A história inspirou Repin a criar uma de suas grandes obras-primas. Embora muitos acreditem – não apenas devido ao esforço artístico de Repin – que a carta foi um documento histórico genuíno, os historiadores têm suas reservas.
O conto
No verão de 1878, o renomado artista Iliá Repin visitou o famoso empresário e comendador das artes Savva Mamontov em sua propriedade em Abramtsevo, nos entornos de Moscou. Durante uma das confraternizações, o artista ouviu uma história que se tornaria inspiração.

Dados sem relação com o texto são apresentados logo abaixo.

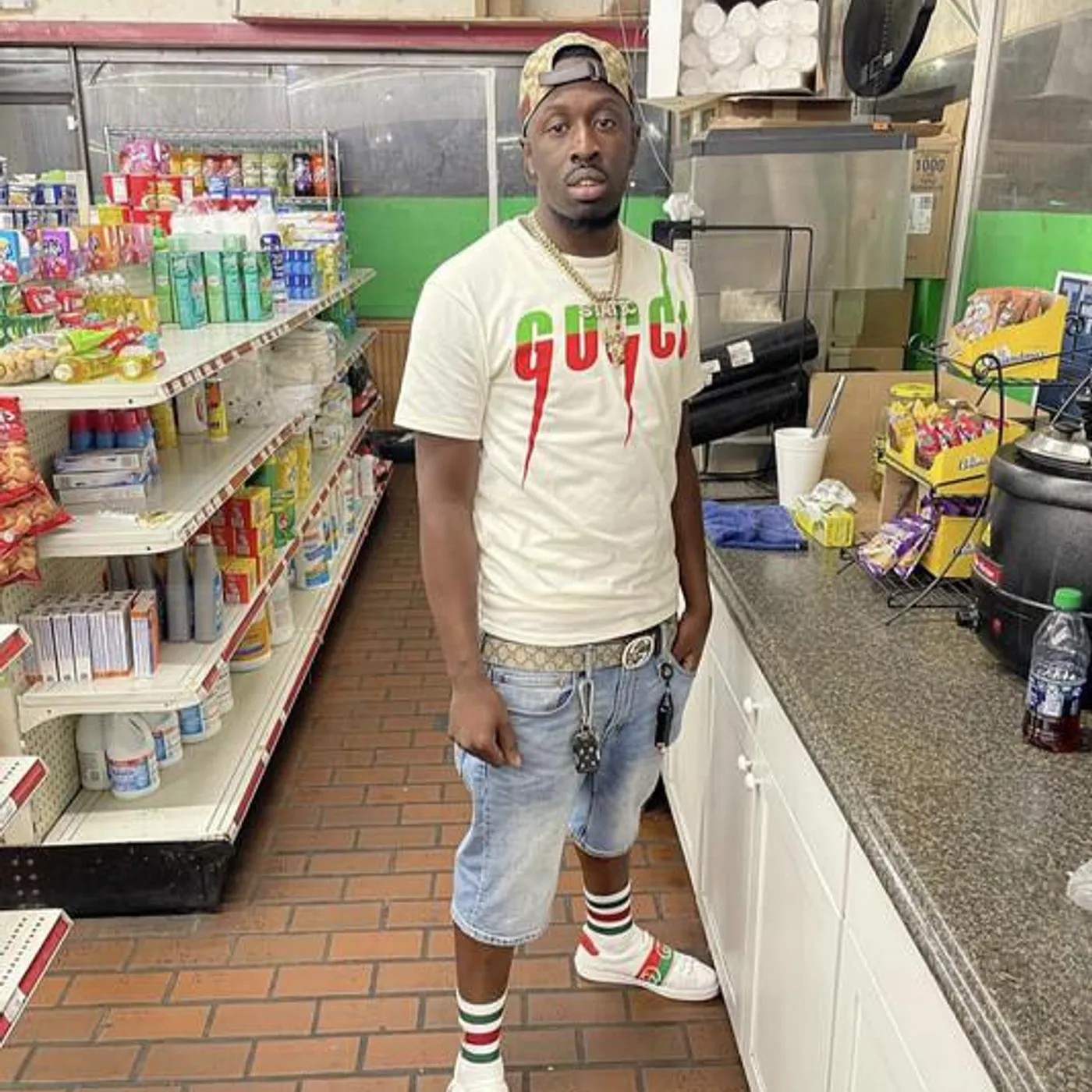 LIL BLOCK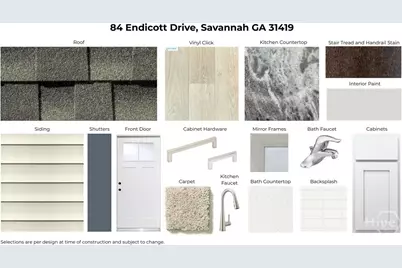 84 Endicott Drive, Savannah, GA 31419 - Photo 3
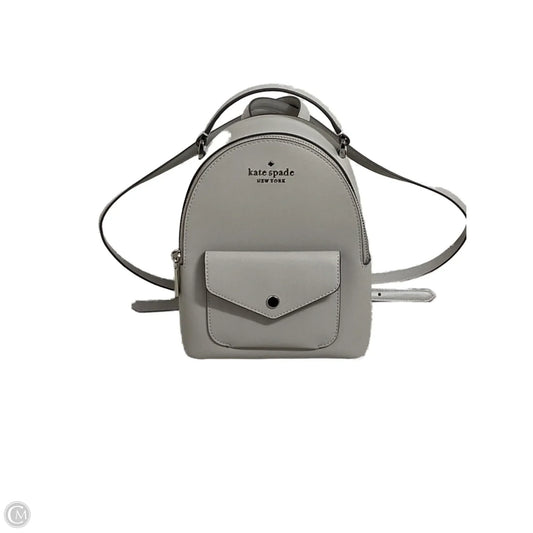 Backpack Designer By Kate Spade, Size: Small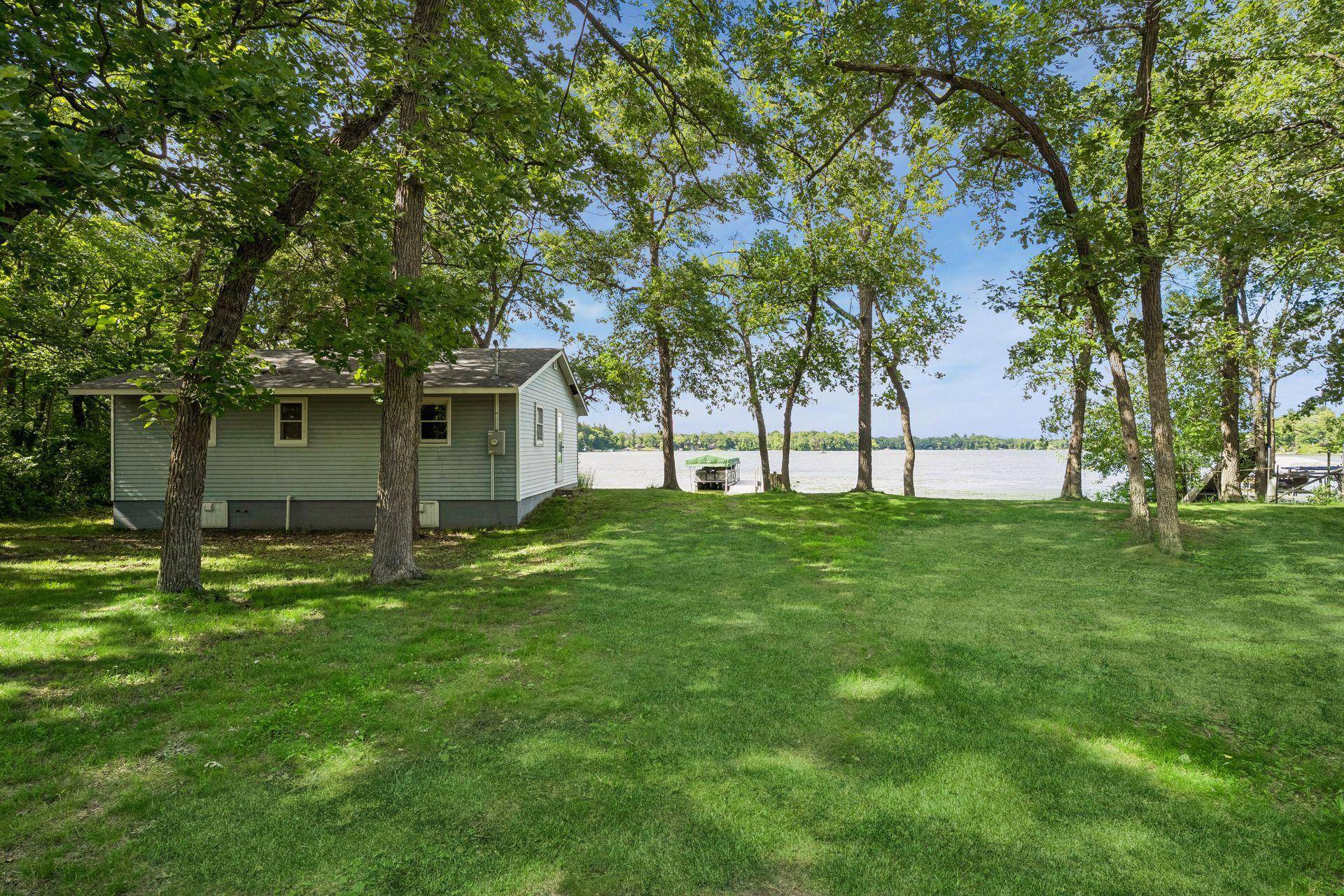 11388 49th ST, Clear Lake, MN 55319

Os cossacos, segundo a história, receberam uma carta do sultão do Império Otomano prescrevendo-os a se render. Depois de receberem a carta, os cossacos se reuniram para redigir sua resposta e o fizeram nos termos mais humilhantes possíveis.
O conto inspirou o artista a criar uma de suas obras-primas mais conhecidas, mas os historiadores duvidam que a carta seja algo mais do que um enredo folclórico que visava a destacar a grandeza, o orgulho e o amor pela liberdade dos cossacos.
As cartas
Há uma versão amplamente divulgada da correspondência entre o sultão otomano e a resposta subsequente dos cossacos. A primeira costuma ser formulado da seguinte forma:
Sultão Maomé 4º para os cossacos zaporojianos:
Como o Sultão; filho de Maomé; irmão do Sol e da Lua; neto e vice-rei de Deus; governante dos reinos da Macedônia, Babilônia, Jerusalém, Alto e Baixo Egito; imperador dos imperadores; soberano dos soberanos; cavaleiro extraordinário, jamais derrotado; fiel guardião do túmulo de Jesus Cristo; comissário escolhido pelo próprio Deus; a esperança e conforto dos muçulmanos; fundador e grande defensor dos cristãos – ordeno a vocês, cossacos zaporojianos, que se submetam a mim voluntariamente e sem qualquer resistência, e que desistam de me incomodar com seus ataques.
Sultão turco Maomé 4º
A resposta desafiadora, satírica e vulgar dos cossacos ao sultão é frequentemente recontada nos seguintes termos:
Cossacos zaporojianos ao sultão turco!
Ó sultão, demônio turco e maldito amigo e parente do diabo, secretário do próprio Lúcifer. Que diabos de cavaleiro és tu, que não consegues matar um ouriço com o teu traseiro nu? O diabo defeca e seu exército come. Não irá, filho de uma rapariga, fazer de súditos os filhos dos cristãos. Não temos medo de seu exército; por terra e por mar iremos combater a ti. Que se dane a sua mãe.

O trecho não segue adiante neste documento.